### TASK DESCRIPTION
Below are the entries. Transcribe exactly the lines from the one with "Horno eléctrico de" through the one with "Vitamina B12 1000", ends included, and leave out all others.

### EXCERPTED RECORDS
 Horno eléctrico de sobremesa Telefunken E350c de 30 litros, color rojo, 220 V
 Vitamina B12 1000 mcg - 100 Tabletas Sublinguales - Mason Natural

* * *

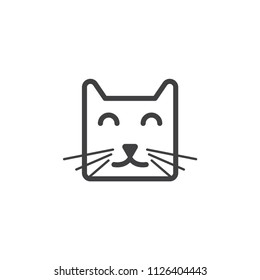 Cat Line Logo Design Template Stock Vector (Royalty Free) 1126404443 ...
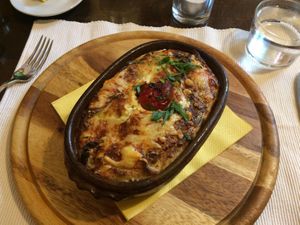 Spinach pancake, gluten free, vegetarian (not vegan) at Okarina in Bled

--

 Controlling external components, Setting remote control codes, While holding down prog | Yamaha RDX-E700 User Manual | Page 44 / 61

### WRITTEN RESPONSE
 Horno eléctrico de sobremesa Telefunken E350c de 30 litros, color rojo, 220 V
 Vitamina B12 1000 mcg - 100 Tabletas Sublinguales - Mason Natural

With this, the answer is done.